Save for a bruise over her right eye, she was unscathed.
I've checked to make sure that the baby gate is up at least 10 times today. I'm considering investing in an infant-sized helmet and a bubble-wrap suit for her. Have to do a better job at keeping my girls safe.
I've spent the day watching coverage on the school shooting in Connecticut. I was 17 when the Columbine massacre happened. I remember sitting in my high school journalism classroom trying to wrap my brain around how teenagers like me could murder their classmates. I saw myself in the victims.
But that event didn't prepare me for today, because today I'm a parent.
When you're 17 watching news that children have been gunned down in a school, you're scared and saddened and confused.
When you're a parent watching the news that 20 children have been gunned down in their school, you're horrified, irate and heartbroken. You spend the afternoon picking up your babies and holding them close when they'd rather be playing. You are grateful for the news anchor who's also blinking back tears as he struggles to report the story (see feed at right). You read the sentiments of others. You offer unsolicited thoughts to an old friend who just wanted to know your address:
I think everyone should experience being a parent -- the empathy it gives you for others and the overwhelming desire for the world to be a less ugly would make it less likely that these sorts of things would happen.
And you text your sisters, also mothers, and try to make sense of it:
Sarah: Those poor children Sue ... 18 kids*. I'm crying here. I wanna homeschool Pea ... I never get emotional about this stuff ... now ... now we have children of our own ... and ... we never had to worry about sending kids to school. Those poor parents. Right before ... Christmas. So sad.But you can't make sense of it. At least I can't right now. Those poor babies. Those poor parents.

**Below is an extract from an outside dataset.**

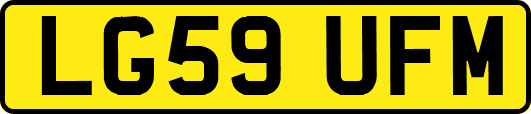 LG59UFM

Me: I feel the same way exactly. Columbine was the first think like this and we were in high school. The world just feels so ugly right now. Don't want my girls to have to deal with this crap. Terrifying.
Home-schooling the girls is tempting -- preferable to trading in that bubble-wrap suit for a kid-sized Kevlar vest. As these horrific incidences stack up it becomes harder to trust that my children are safe anywhere but here.
But on Wednesday night I forgot to put the baby gate up and Jovie fell down the stairs. She was in what should be the safest place in the world: Her own home.
I'm not sure the answer lies in retreating to my nest and preventing my kids from stretching their wings.
Right now, I'm just not sure about anything.